My low heels echoed in the deserted foyer as I crossed the gleaming stone floor. I found the staircase and continued up to the third tier, finally reaching the long corridor that contained the doors to the private boxes. I wasn’t sure which opera box was Giovanni’s, so I stuck my head into every box on that side of the theater. The guests were too enthralled with Gianni Schicchi to notice me. I came to the last box that could have been his. The door was partly opened already, so I pushed it a few more inches and stuck my head inside. Facing me was a man with broad shoulders, but it wasn’t Giovanni. I noticed this man’s dark eyes and brooding expression first. Then he cracked a smile and reached up to stroke his beard. His hand rested on his chin, shadowing his face and accentuating the hollow of his cheeks. A scar stretched across his nose and under his eyes. He opened the door the rest of the way and stepped closer. “Looking for someone?” he asked slowly, savoring each word. I couldn’t take my eyes from the scar. “Yes, I mean, no...uh…” I began to back away. “Yes, I mean, no…uh…” he copied in a sinister voice. “Confusion doesn’t become you, Miss...?” I told myself not to give him my name, but it slipped out regardless. “Emily Edwards.” He glared at the spot between my eyes, instantly reminding me of the X I thought I had carved into my skin. Instinctively, my hand reached for the bridge of my nose, sliding up to feel for the mark on my forehead. But you had

imagined it, I reassured myself. Still, my fingers searched like
a blind woman feeling the face of a stranger. His eyes lowered to meet mine. “Ah, well, Miss Edwards, the next time you find yourself confused, perhaps I can be of some assistance.” Before I realized what he was doing, he took my hand. His lips brushed my fingers. “Enjoy the opera, Mademoiselle.” The door closed in my face. I didn’t move, trying to make sense of the encounter. Looking down, I realized I held a small, rectangular piece of paper. I turned the business card over and read the blood-colored print. Below his name—Vincent D’Angelo—was an e-mail address, a telephone number, and two questions.

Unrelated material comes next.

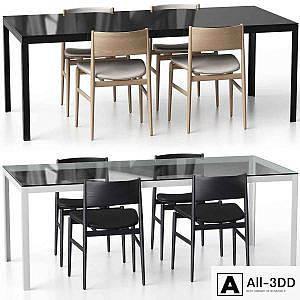 NEVE armless chair with upholstery and FRACTAL table by Porro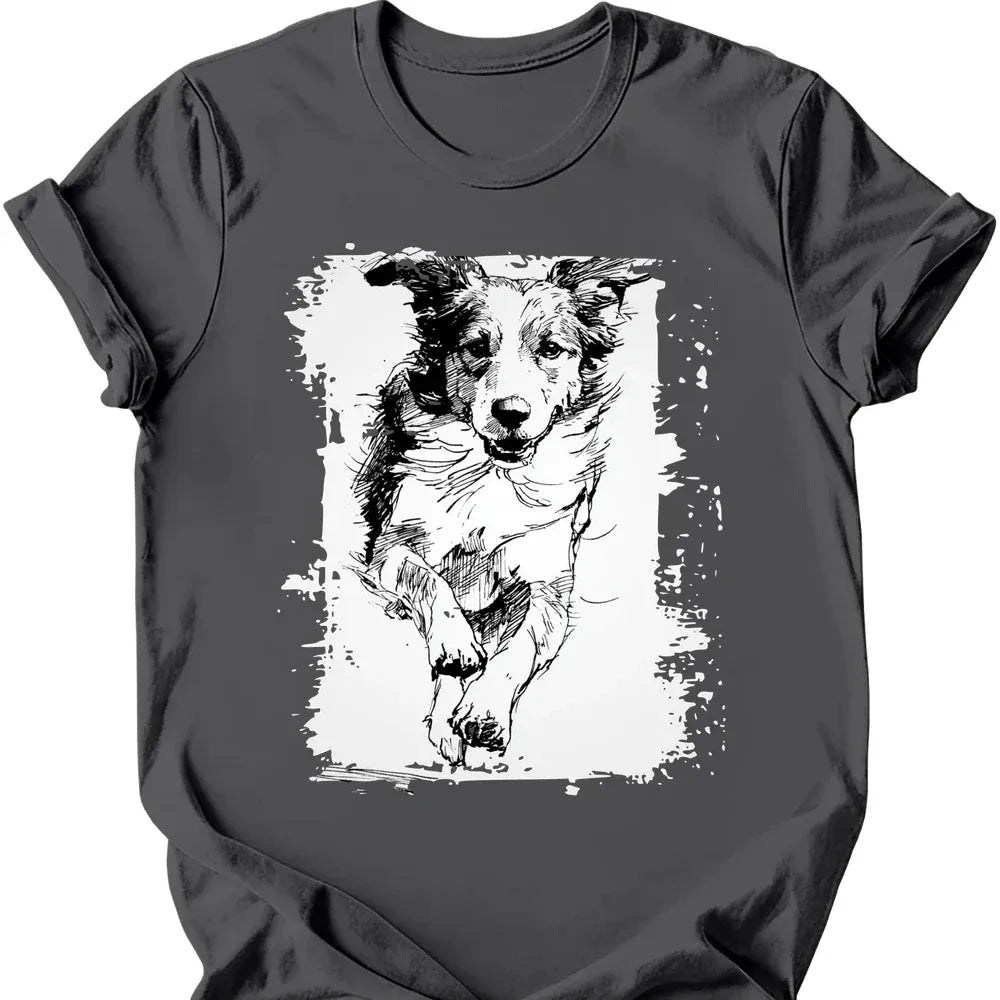 Brittany - Running Dog T-Shirt - Charcoal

Family conflict? Need guidance? It seemed tailor-made to fit my life. I shrugged it off, realizing it was a gimmick like a horoscope in a newspaper—so general, it could apply to anyone. I put the card in my clutch purse and forgot about it by the time I found the ladies room. I splashed my face with water and breathed slowly. Why was I convinced I had seen Giovanni standing in that opera box? Staring at my reflection, I watched the lines of water race down my puzzled face, dropping to my chest and leaving water stains that darkened the red fabric of my dress. As I stood there, with the bathroom stalls behind me, I remembered Olive’s last question from the phone call.

Why did you need the gun?

I formed my fingers into the shape of my father’s semi automatic pistol and pointed it at the Emily in the mirror, a girl I hardly recognized. I couldn’t be sure how long I stood there, but when the restroom door swung open, I jumped and raised my hands into the air. “What are you doing, Emily?” Carla asked. “You have been in here forever. Are you all right?” I stood there, frozen, my mind stuck in a moment that had happened more than a week ago. “Uh, yeah,” I said when she touched my arm. “I’m fine.”